Abstract
Microarrays provide a means of studying expression level of tens of thousands of genes by providing one or more oligonucleotide probe(s) for each transcript studied. Affymetrix® GeneChip™ platforms historically pair each 25-base perfect match (PM) probe with a mismatch probe (MM) differing by a complementary base located in the 13th position to quantify and deflate effects of cross-hybridization. Analytical routines for analyzing these arrays take into account difference in expression levels of MM and PM probes to determine which ones are useful for further study. If a single nucleotide polymorphism (SNP) occurs at the 13th base, a probe with a higher MM expression level may be incorrectly omitted. In order to examine SNP affects on PM and MM expression levels, known human SNPs from dbSNP were mapped to probe sets within the Affymetrix® HG-U133A platform. Probe sets containing one or more probe pairs with a single SNP at the 13th position were extracted. A set of twelve microarray experiments were analyzed for the PM and MM expression levels for these probe sets. Over 6,000,000 human SNPs and their flanking regions were extracted from dbSNP. These sequences were aligned against each of the 247,965 probe pair sequences from the Affymetrix® HG-U133A platform. A total of 915 probe sets containing a single probe sequence with a SNP mapped to the 13th base were extracted. A subset containing 166 probe sets result in complementary base SNPs. Comparison of gene expression levels for the SNP to non-SNP PM and MM probes does not yield a significant difference using χ2 analysis. Thus, omission of probes with MM expression levels higher than PM expression levels does not appear to result in a loss of information concerning SNPs for these regions.

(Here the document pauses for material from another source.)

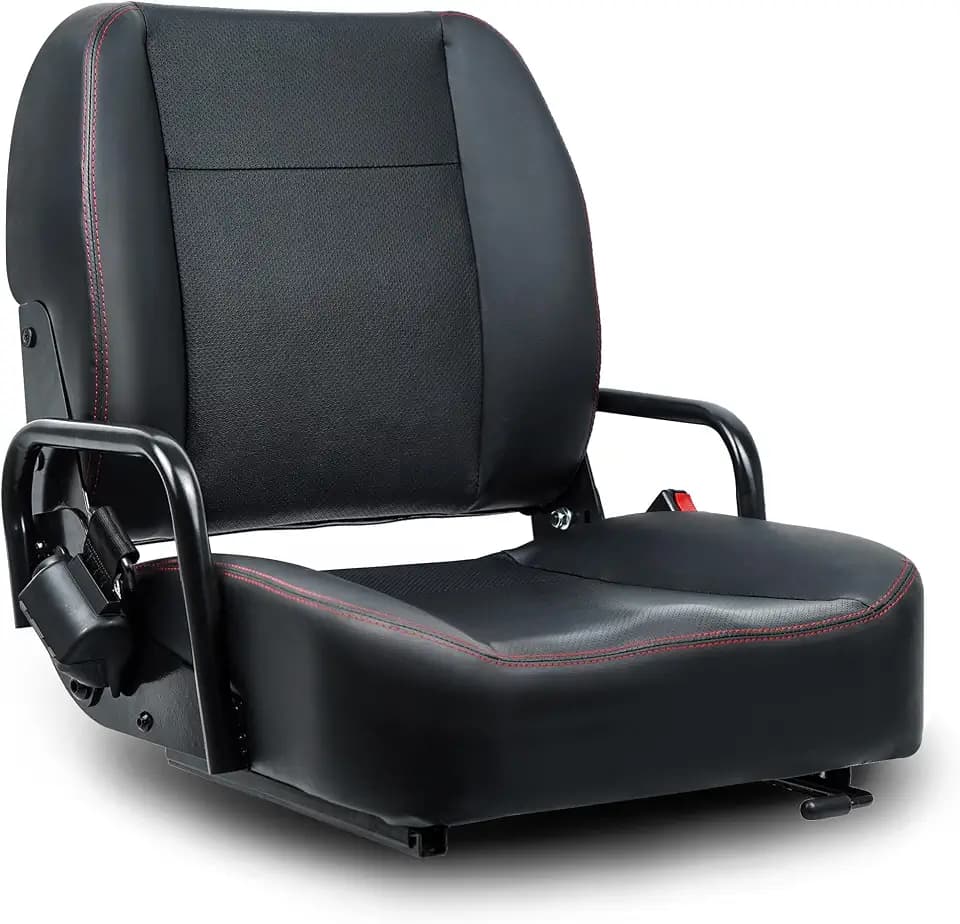 Universal Forklift Seat,Tractor Seat with Adjustable Back,Safety Belt and Operator Position Switch,Excavator Skid Loader Backhoe Dozer Telehandler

Keywords: Affymetrix HG-U133A, single nucleotide polymorphism, microarray, probe, mismatch
Background
Microarray technology
Technological breakthroughs within the past couple of decades have changed the face of molecular biology by allowing researchers to generate large volumes of biologically relevant data in a short period of time. These advances have led to the “omics” era of research [1] marked by genomics (study of genomes), proteomics (study of protein expression), cellomics (study of the cell), and transcriptomics (study of transcribed regions). Transcriptomics has been aided by the invention of the microarray [2] which allows researchers to study patterns of gene expression across tens of thousands of genes simultaneously. Major companies providing commercial solutions include Affymetrix®, Agilent®, and CodeLink®. Each of these approaches provides one or more short oligonucleotide probe(s) sequence complementary to the product of the transcript of interest.
The Affymetrix® oligonucleotide platforms are constructed to allow multiple oligonucleotide probes per probe set, where each probe set represents a single gene or transcript. For the HU-133A platform for studying human transcripts, there are over 22,000 different probe sets represented, with each non-control probe set containing 11 25-base oligonucleotide sequence probes [3]. In order to help quantify and control the effects of cross-hybridization, the Affymetrix® approach groups probes into pairs consisting of a perfect match probe (PM) and a mismatch probe (MM). The perfect match probe is a 25 base oligonucleotide complementary to the transcript and the mismatch probe is the same as the PM with the exception that the 13th base is complementary to the corresponding position in the PM set. For example, one of the eleven probe pairs for the 206055_s_at probe set is as follows: PM GCACAGCTTGCAAAGGATATTGCCA MM GCACAGCTTGCATAGGATATTGCCA
Figure 1 shows an example of the expression levels of the MM and PM probes for three Affymetrix® probe sets found within the HU-133A platform.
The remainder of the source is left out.